Source records
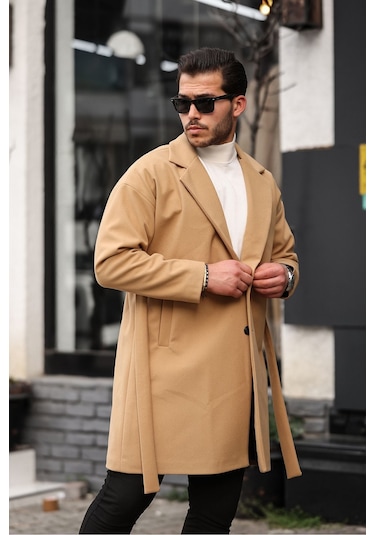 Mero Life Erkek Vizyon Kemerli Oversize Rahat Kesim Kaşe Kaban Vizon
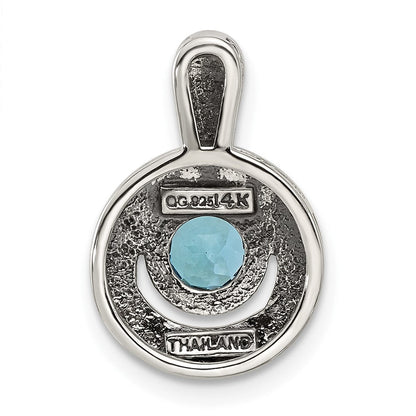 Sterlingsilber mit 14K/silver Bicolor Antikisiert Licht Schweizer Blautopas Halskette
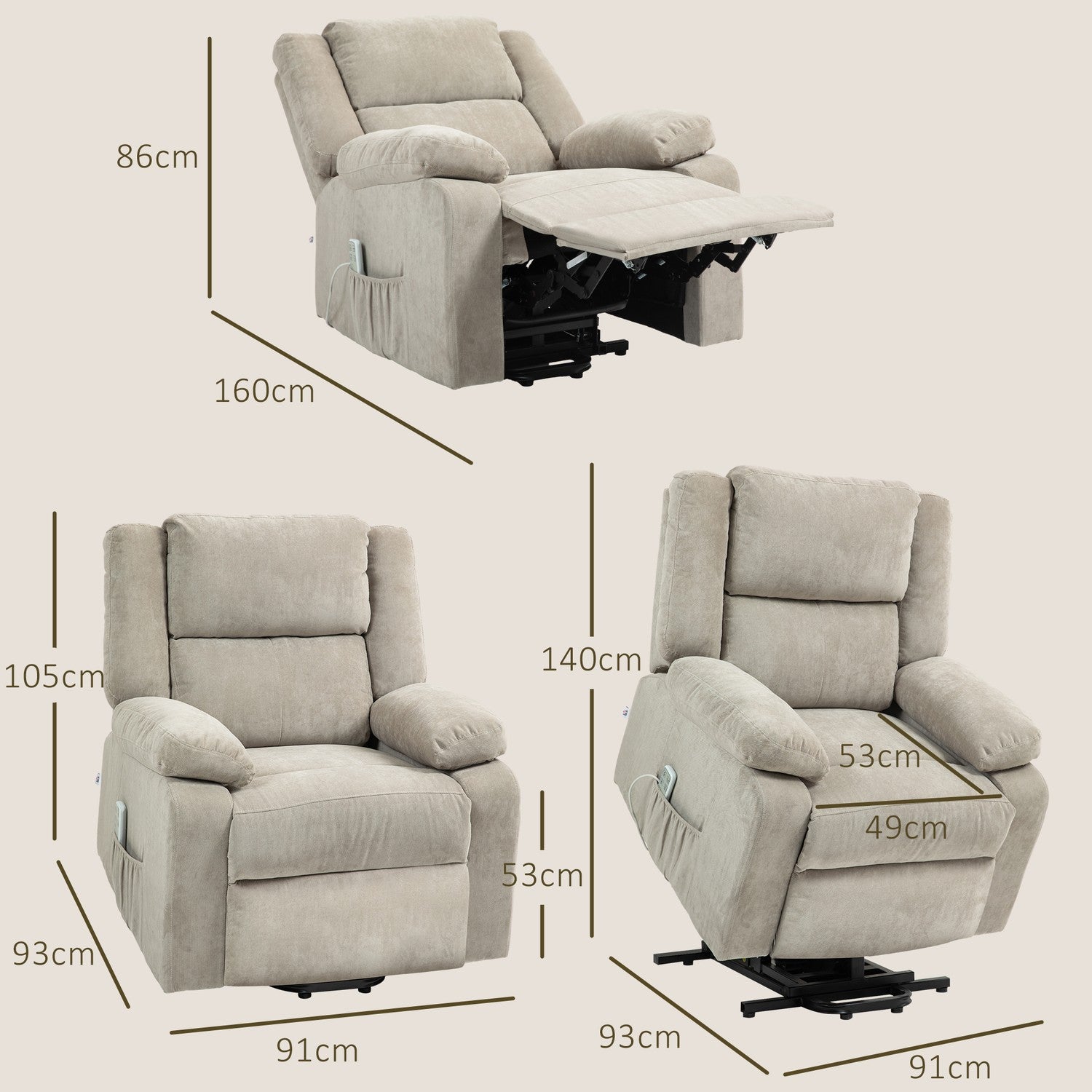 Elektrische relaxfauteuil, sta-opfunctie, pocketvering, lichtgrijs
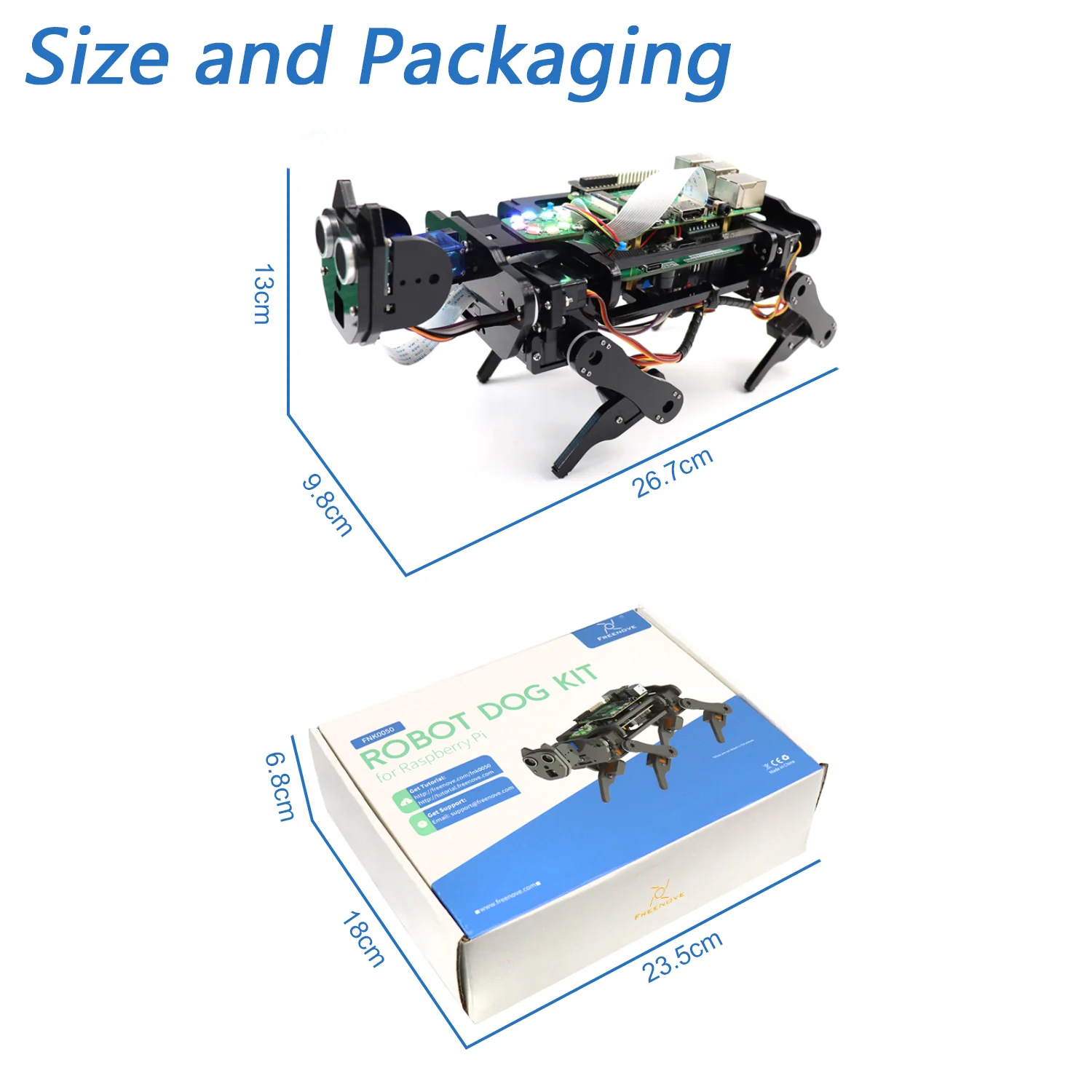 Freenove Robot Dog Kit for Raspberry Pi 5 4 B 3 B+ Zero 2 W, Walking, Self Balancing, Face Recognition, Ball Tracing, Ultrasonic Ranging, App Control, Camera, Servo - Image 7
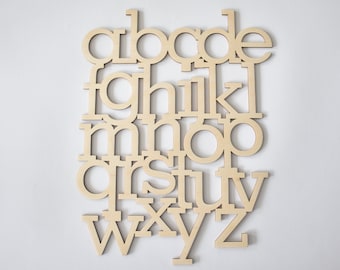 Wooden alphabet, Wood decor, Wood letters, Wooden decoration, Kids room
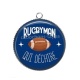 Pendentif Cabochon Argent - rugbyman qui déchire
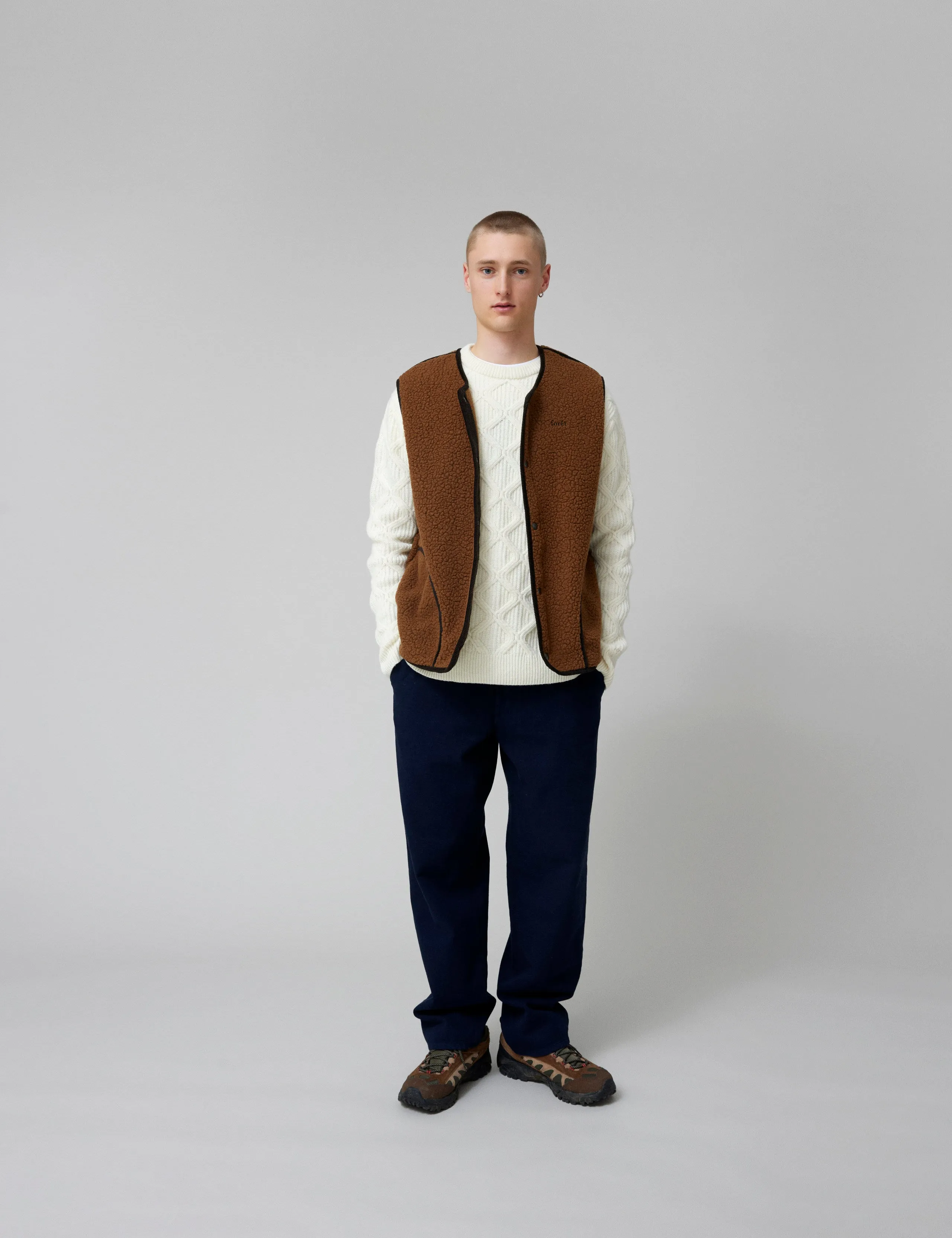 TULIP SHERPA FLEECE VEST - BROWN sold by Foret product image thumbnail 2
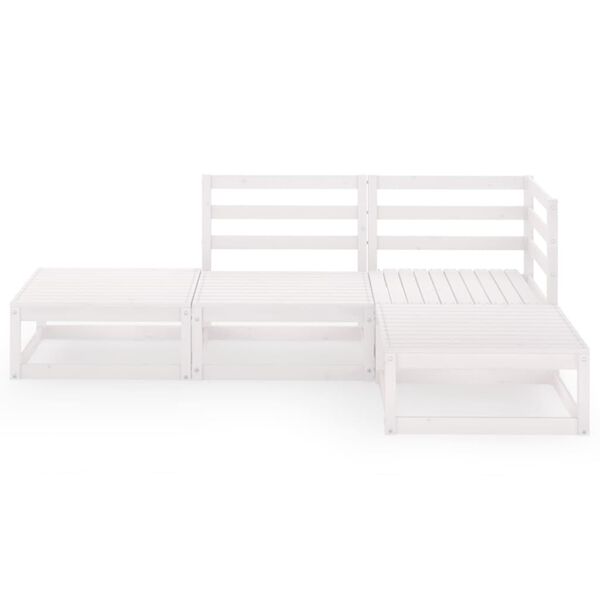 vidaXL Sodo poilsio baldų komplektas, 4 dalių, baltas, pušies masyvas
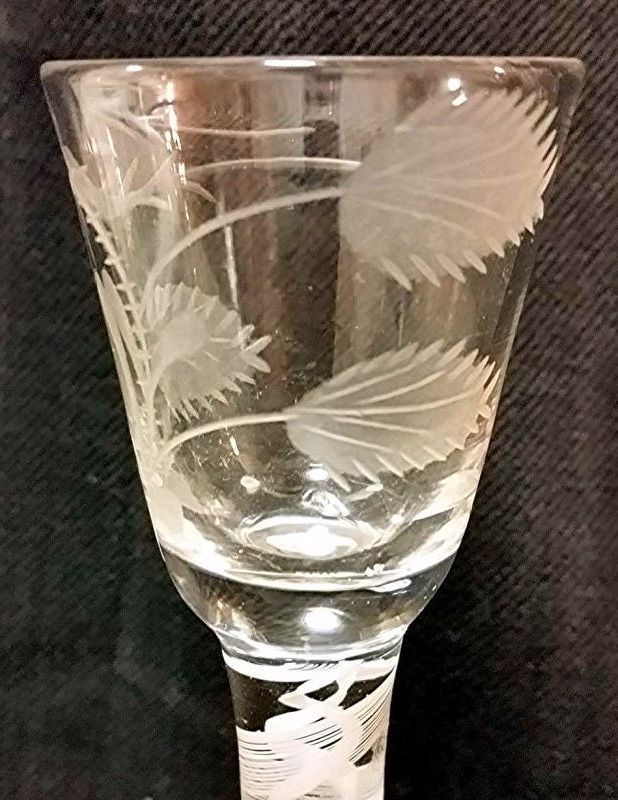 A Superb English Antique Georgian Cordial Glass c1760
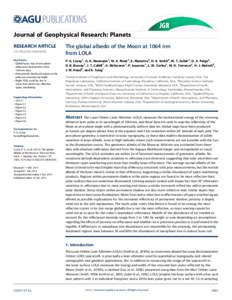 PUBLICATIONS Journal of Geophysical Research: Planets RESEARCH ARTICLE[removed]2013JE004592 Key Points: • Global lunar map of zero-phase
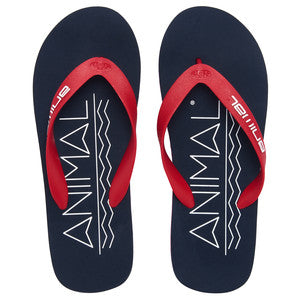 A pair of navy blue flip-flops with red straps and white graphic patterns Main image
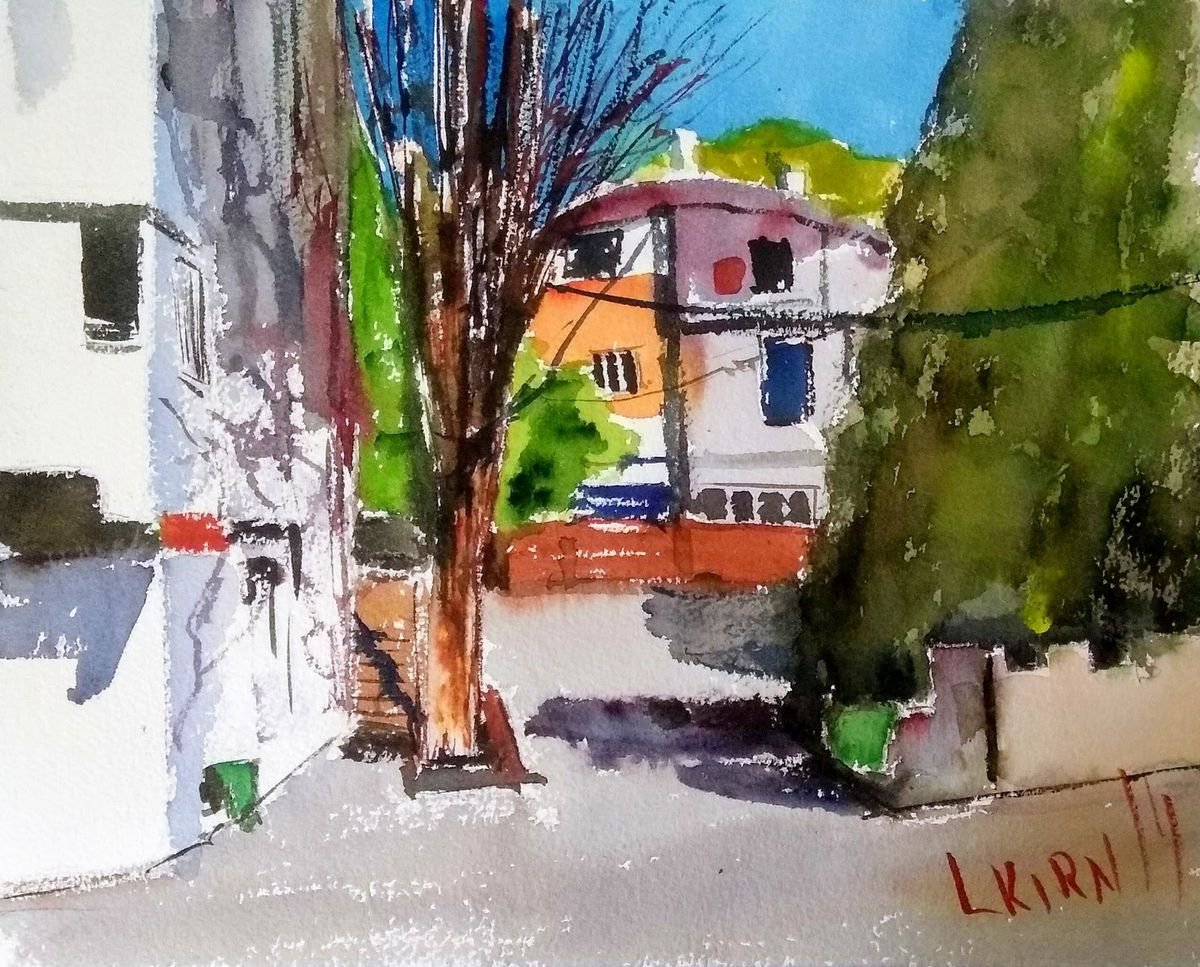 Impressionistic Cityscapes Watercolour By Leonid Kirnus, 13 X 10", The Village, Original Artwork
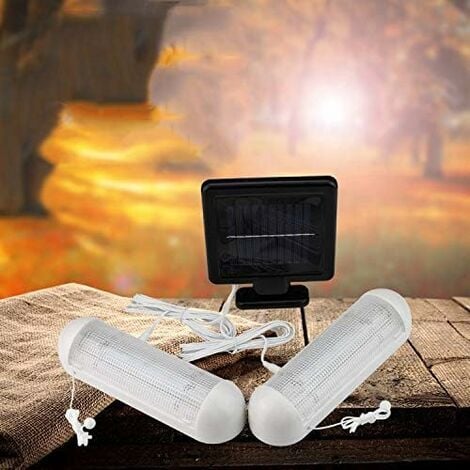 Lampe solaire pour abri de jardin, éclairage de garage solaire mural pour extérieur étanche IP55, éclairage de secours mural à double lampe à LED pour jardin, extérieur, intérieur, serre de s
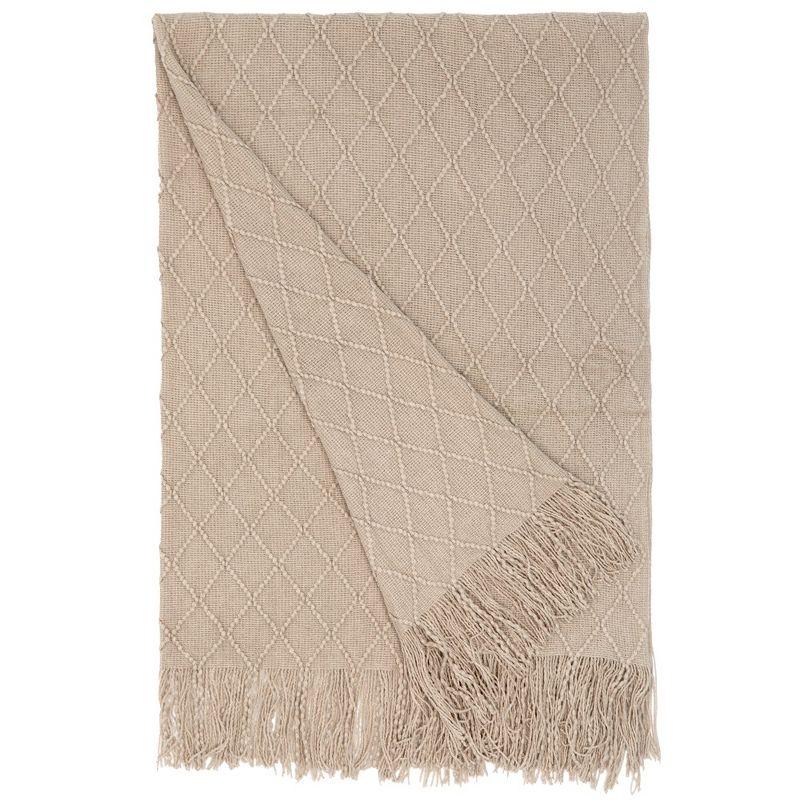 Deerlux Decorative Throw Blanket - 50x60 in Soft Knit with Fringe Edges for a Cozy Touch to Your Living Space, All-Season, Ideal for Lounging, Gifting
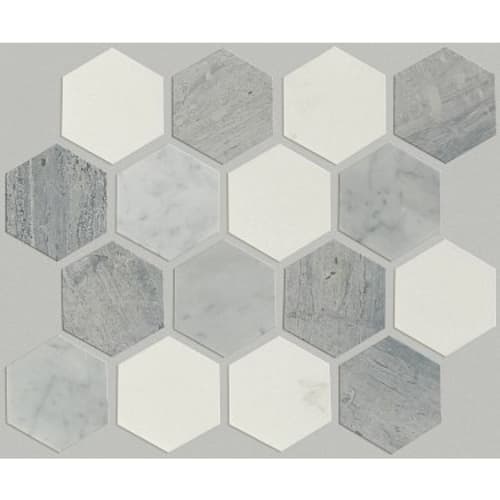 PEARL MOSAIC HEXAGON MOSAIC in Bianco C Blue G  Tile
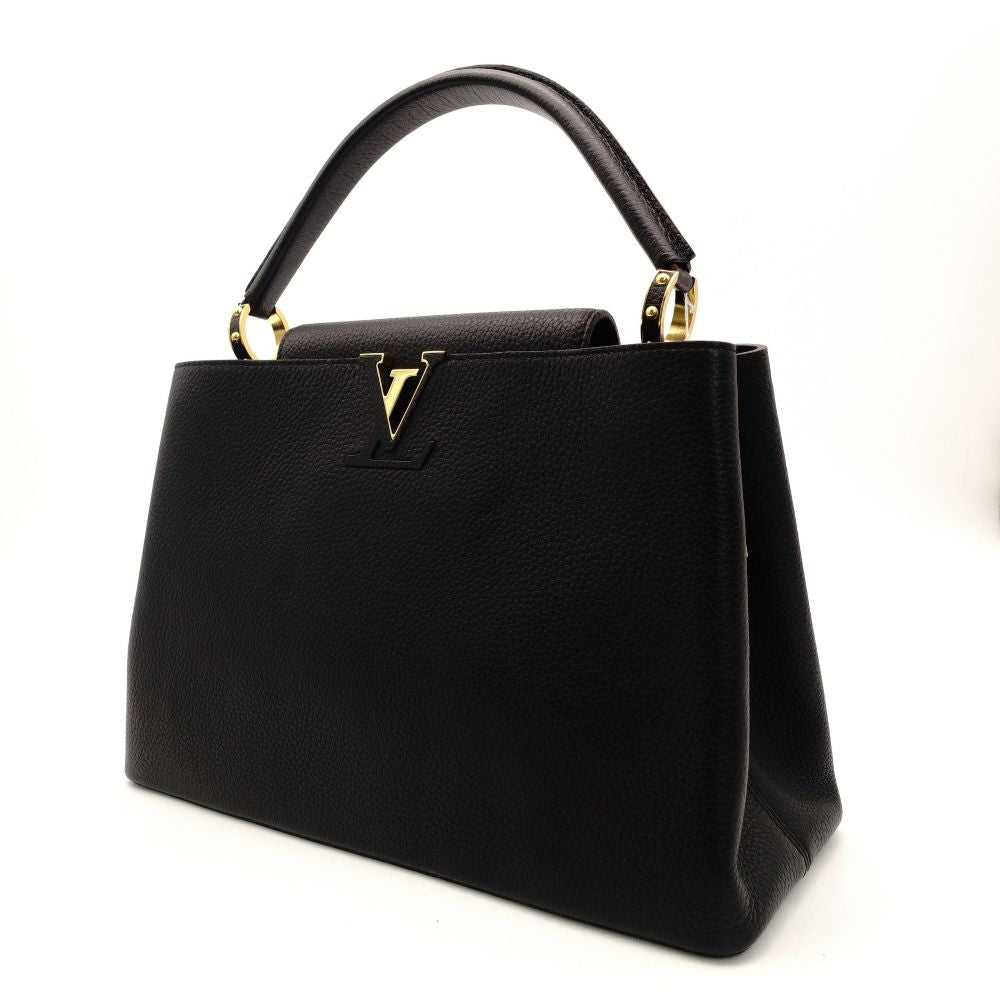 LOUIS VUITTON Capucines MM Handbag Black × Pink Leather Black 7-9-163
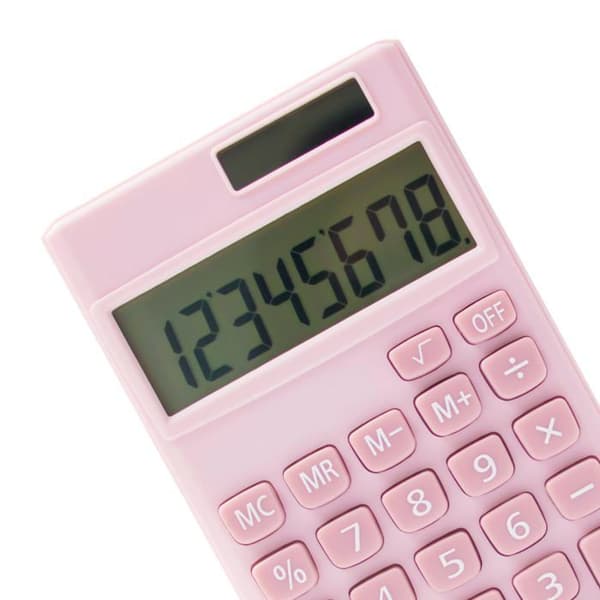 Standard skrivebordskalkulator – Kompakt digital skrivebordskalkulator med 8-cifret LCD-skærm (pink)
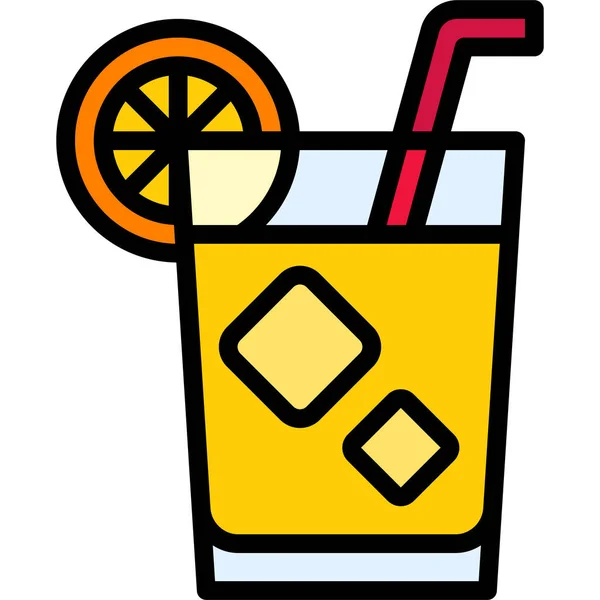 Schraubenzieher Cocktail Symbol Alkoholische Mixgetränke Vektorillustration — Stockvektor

- Your instructions
Your answer must be the lines from the one holding "Lampe solaire pour" through the final line of the records above, exactly as written and without any pictures.

- Written answer
 Lampe solaire pour abri de jardin, éclairage de garage solaire mural pour extérieur étanche IP55, éclairage de secours mural à double lampe à LED pour jardin, extérieur, intérieur, serre de s
 Deerlux Decorative Throw Blanket - 50x60 in Soft Knit with Fringe Edges for a Cozy Touch to Your Living Space, All-Season, Ideal for Lounging, Gifting
 PEARL MOSAIC HEXAGON MOSAIC in Bianco C Blue G  Tile
 LOUIS VUITTON Capucines MM Handbag Black × Pink Leather Black 7-9-163
 Standard skrivebordskalkulator – Kompakt digital skrivebordskalkulator med 8-cifret LCD-skærm (pink)
 Schraubenzieher Cocktail Symbol Alkoholische Mixgetränke Vektorillustration — Stockvektor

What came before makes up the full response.